From the first line to the last, copy the material word for word; pictures stay out.

(Collected material)

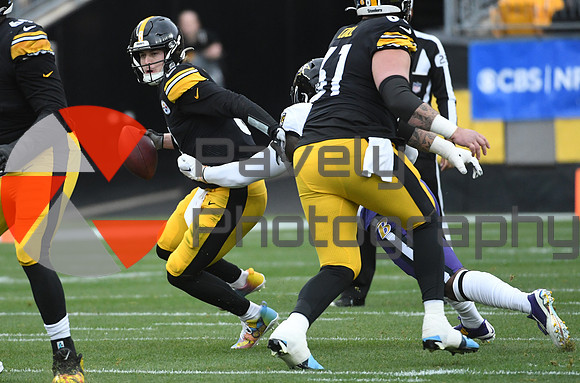 NFL: Baltimore Ravens at Pittsburgh Steelers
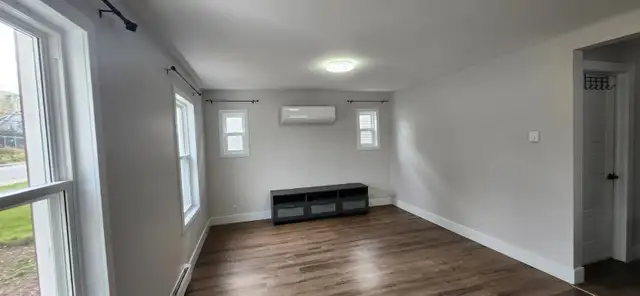 3-Bedroom House for Long-Term Rent in Truro in Long Term Rentals in Truro - Image 3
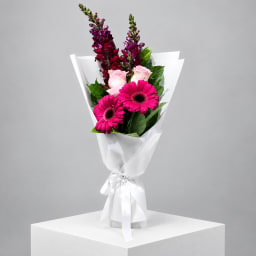 Daily Bouquet - Rosy with a wild side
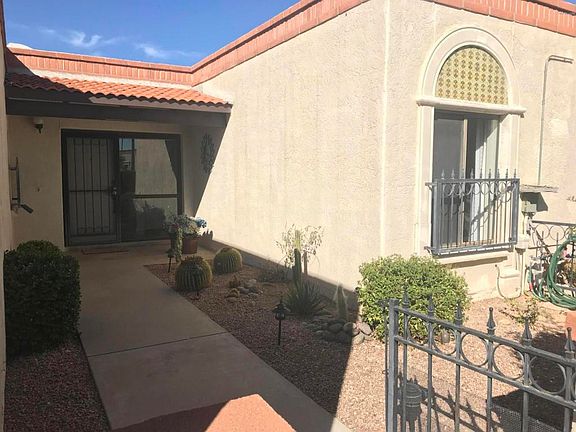 4th image of 860 W Safari Dr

(End Collected material)

# Response
 NFL: Baltimore Ravens at Pittsburgh Steelers
 3-Bedroom House for Long-Term Rent in Truro in Long Term Rentals in Truro - Image 3
 Daily Bouquet - Rosy with a wild side
 4th image of 860 W Safari Dr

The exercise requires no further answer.